Task to carry out » Among the records below, find the line with "Drawstring Bags, Groovy" and the line with "Mens Diesel Turbo". Set down both and every line between, exactly and with no pictures, but nothing else.

Material for the task »
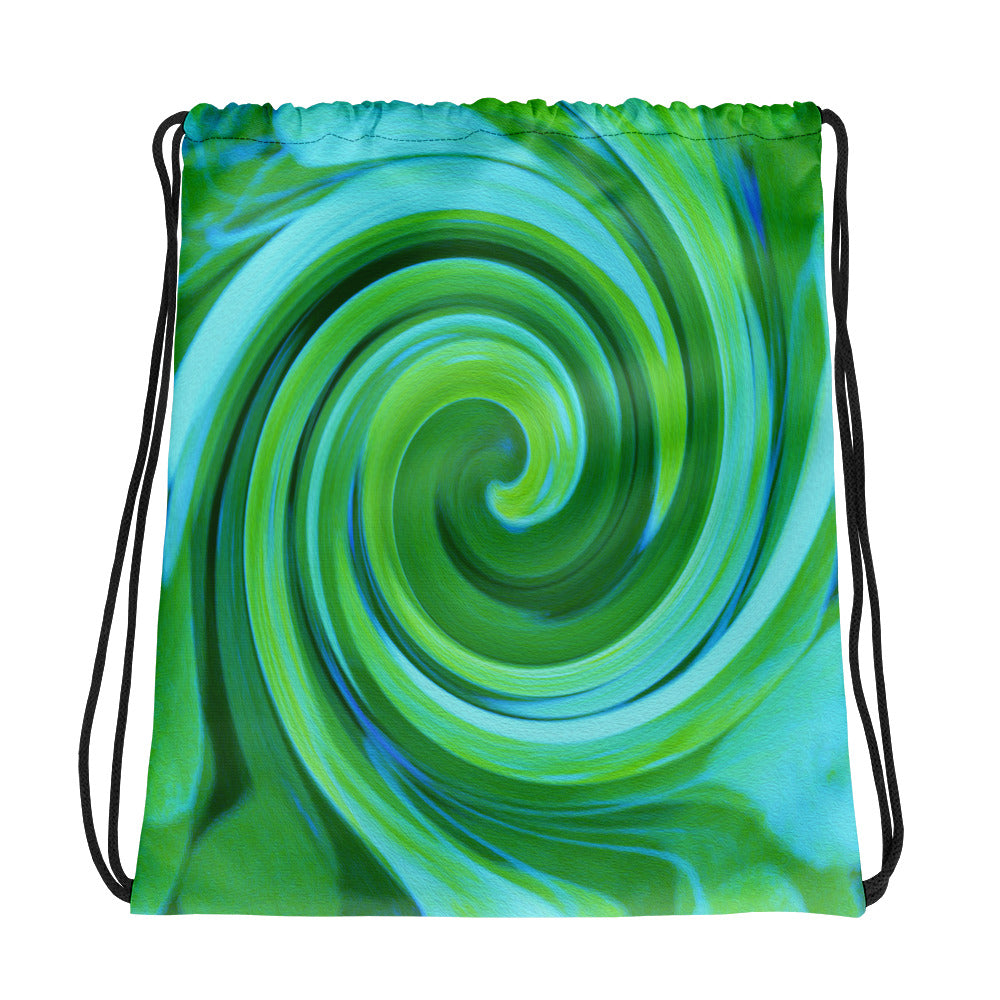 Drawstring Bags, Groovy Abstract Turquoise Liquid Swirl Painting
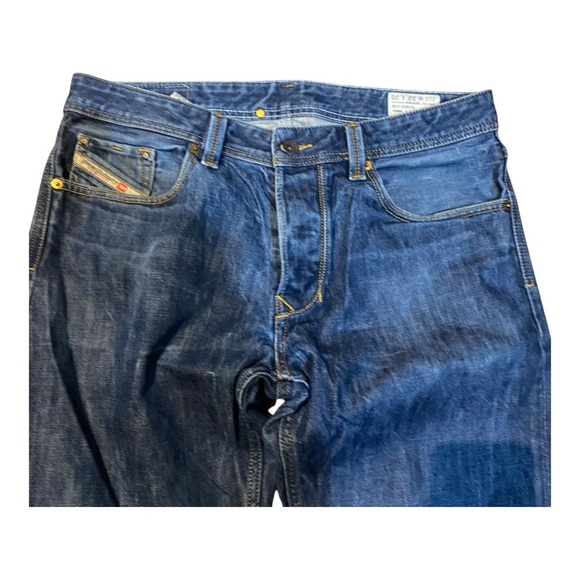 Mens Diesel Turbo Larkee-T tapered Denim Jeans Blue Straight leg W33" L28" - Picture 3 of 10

---

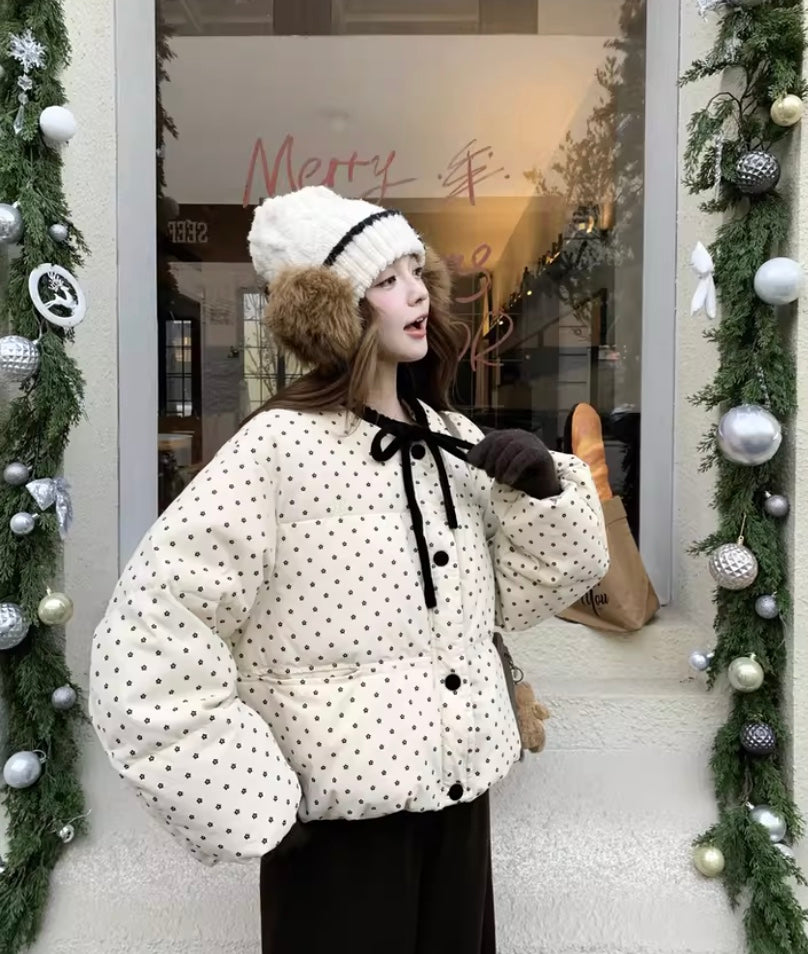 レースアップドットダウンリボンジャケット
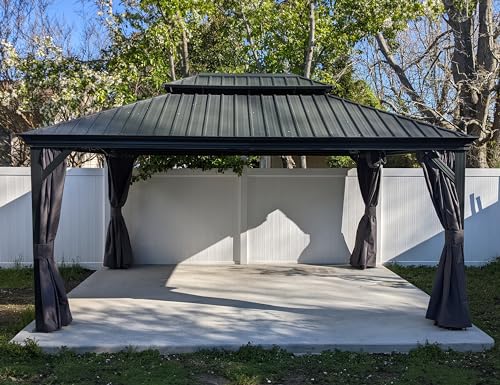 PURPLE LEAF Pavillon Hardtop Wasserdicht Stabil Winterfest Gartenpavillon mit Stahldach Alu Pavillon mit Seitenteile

Task solution »
 Drawstring Bags, Groovy Abstract Turquoise Liquid Swirl Painting
 Mens Diesel Turbo Larkee-T tapered Denim Jeans Blue Straight leg W33" L28" - Picture 3 of 10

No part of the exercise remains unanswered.